Carmen Reinhart and Kenneth Rogoff warned in their 2009 book “This Time is Different: Eight Centuries of Financial Folly” that a sluggish recovery would follow a debt-fueled recession. Their basic premise held then and is true today: Annual economic growth in the U.S. has been 1.8 percent since the publication of the paper that became the basis for the book.
But a funny thing happened on the way to the nirvana of post-crisis deleveraging. In February 2015, McKinsey & Co. threw cold water on this idealistic notion with a watershed report titled “Debt and (Not Much) Deleveraging.” How on earth had the world tacked on $57 trillion of incremental debt in the seven years after the eruption of the crisis we feared would end the world? Had we not learned our lesson?
And yet, no crisis has erupted in the two years since the McKinsey report. Has the pendulum swung clear back to the debt doesn’t matter at all extreme? Chances are we’re about to find out. The era of zero interest rates, and negative rates overseas, has glossed over debt that’s built up since 2007.
Today’s Federal Reserve statement may provide clues as to how aggressive policy makers will be in both raising rates and potentially beginning to tighten monetary policy from another angle, by allowing the reinvestment of maturing securities to cease and begin shrinking the central bank’s balance sheet.
But then combine the dynamic of tightening financial conditions with the Congressional Budget Office’s year-old calculations that the deficit, which had fallen from 10 percent of gross domestic product to 2.2 percent in the 2015 fiscal year, would more than double to 4.9 percent by 2026. The CBO projects debt held by the public will swell to 86 percent, twice the historic average and the highest since 1947.
In terms of borrowing costs, the CBO assumes that the rate on three-month Treasury bills rises to 2.8 percent by 2026 from its current level of 0.5 percent, while that of 10-year Treasuries increases to 3.6 percent from about 2.5 percent now.
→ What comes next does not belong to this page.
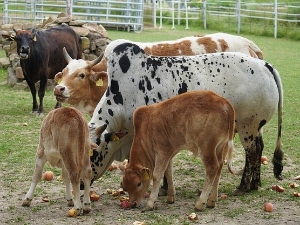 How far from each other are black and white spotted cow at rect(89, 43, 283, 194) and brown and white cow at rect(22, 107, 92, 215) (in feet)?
2.29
Just think of what that would do to Uncle Sam’s interest expense, not only on an absolute basis but also as a percentage of total federal outlays with the national debt at the cusp of crossing the $20 trillion line. That’s on top of the $18.2 trillion in household debt.
So, add rising deficits and higher rates together with a shrinking balance sheet that will slash Fed remittances back to the Treasury. Then factor in Trump’s proposed tax cuts, and just for proper measure, the looming reality that an aging population presents to entitlement spending. What do you get? Even worse debt-to-GDP levels than what the CBO assumes.
Moody’s Investors Service and Fitch Ratings, which didn’t follow Standard & Poor’s August 2011 move to strip U.S. of its AAA rating, are sounding very worried.
Artificially low interest rates have not only helped the government, they’ve also produced a generation of families who’ve become addicted to serial mortgage refinancing and fallen back in love with credit cards, all the better with which to aspire to appear to live the American Dream.
The irony is that he greatest proponents of the debt-service-is-the-only-thing-that-matters argument come from within the Fed. This deceptive mantra is drilled into newbies at the Fed in true Jim Jones Kool-Aid fashion. Think of it as the mirror image of a sudden freezing of liquidity in the financial markets. Debt service is inconsequential so long as it doesn’t exist.